A key technical achievement was the implementation of a Time‑Sensitive Networking (TSN) stack on the DELIA modules. The demonstrator was able to interconnect sensors and actuators using Ethernet links that support 2.5 Gbit/s, 5 Gbit/s and 10 Gbit/s data rates, in line with the IEEE 802.3ch Multi‑Gig Automotive Ethernet PHY Task Force. The project evaluated several communication protocols, including OPC UA PubSub and Zenoh 2, and demonstrated that both could deliver the required deterministic behaviour when combined with TSN. The use of the XEN hypervisor on the DELIA modules, enabled by a custom SD‑card image script supplied by partner Solectrix, provided a unified, up‑to‑date software environment across all hardware units. This virtualization layer allowed rapid deployment of new firmware and facilitated the integration of future protocols without hardware changes.
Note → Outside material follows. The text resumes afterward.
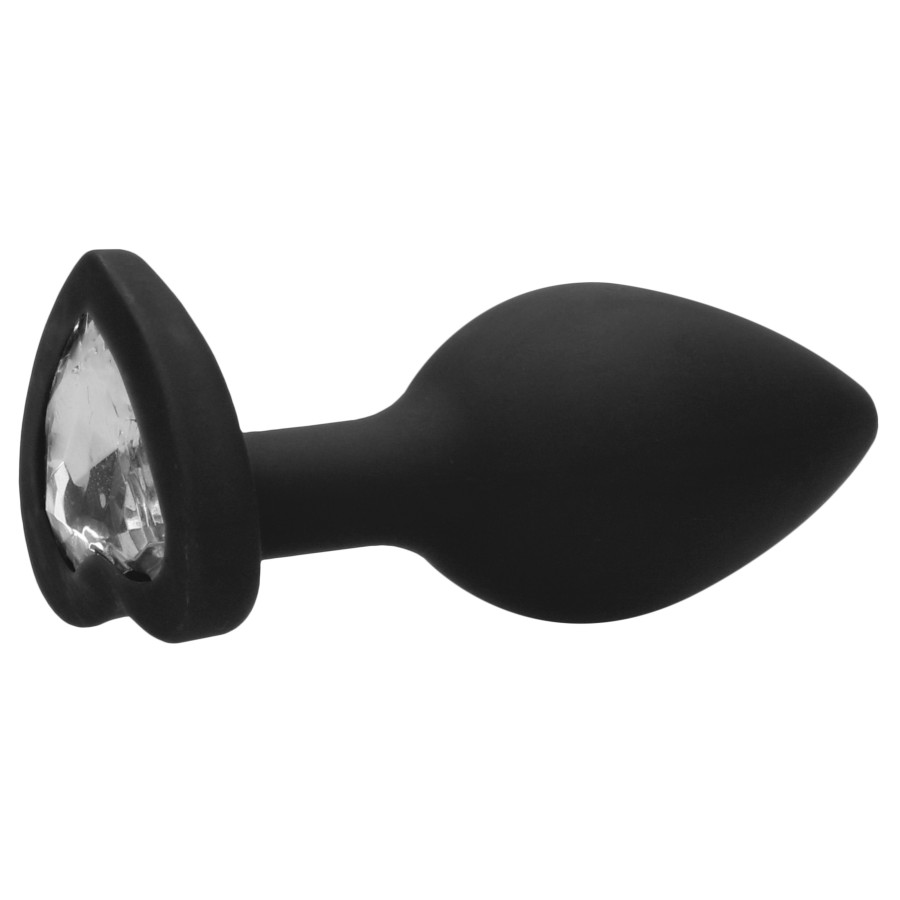 Plug Bijou Anal silicone Heart Noir 6 x 2.8 cm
The software platform was extended to support a real‑time capable fibre‑optic network and programmable FPGAs. The FPGA layer was used to offload time‑critical processing tasks, reducing CPU load and ensuring that latency constraints were met even under high data traffic. The demonstrator’s software architecture was modular, with clear separation between the network stack, device drivers and application logic, allowing easy addition of new use‑cases. Data transfer over the network was benchmarked, showing that the system could sustain continuous streams of sensor data at rates exceeding 10 Gbit/s while maintaining sub‑millisecond end‑to‑end latency for critical control loops.
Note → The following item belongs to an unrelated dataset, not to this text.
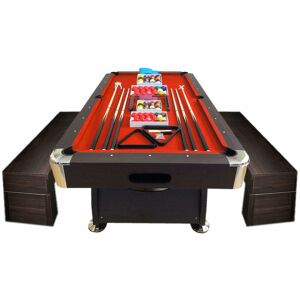 Simba Billiard Table 8-foot red with storage benches – Vintage Red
In addition to networking, the project addressed thermal management for the distributed modules. A natural airflow cooling concept was designed for aircraft cabins, where heat generated by the DELIA modules is dissipated through passive air circulation. The cooling model, developed in the early phase of the project (September 2019 to June 2020), demonstrated that the modules could operate within safe temperature limits without active cooling, thereby reducing weight and power consumption.
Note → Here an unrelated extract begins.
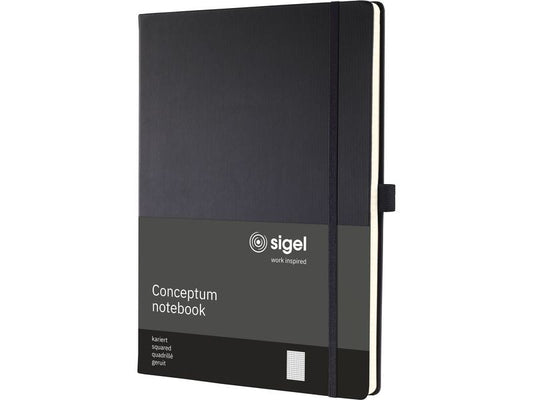 Sigel Carnet de notes Conceptum A4, À carreaux, Noir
Collaboration among the partners was structured around clear roles. ZAL GmbH led the overall concept development, the design of the demonstrator, and the evaluation of communication protocols. Solectrix contributed the SD‑card image tooling and assisted with the integration of the XEN hypervisor. Other partners supplied hardware components, conducted use‑case studies, and provided expertise in automotive and aerospace networking. The project ran over a period of roughly three years, with the cooling concept phase concluding in mid‑2020 and the demonstrator construction and testing extending into 2021. The KMU‑innovativ IKT programme provided the financial support, enabling the procurement of hardware, the development of software, and the coordination of the multi‑disciplinary team. The results of the DELIA project demonstrate a viable path toward high‑bandwidth, deterministic, and thermally efficient communication architectures for next‑generation mobility platforms.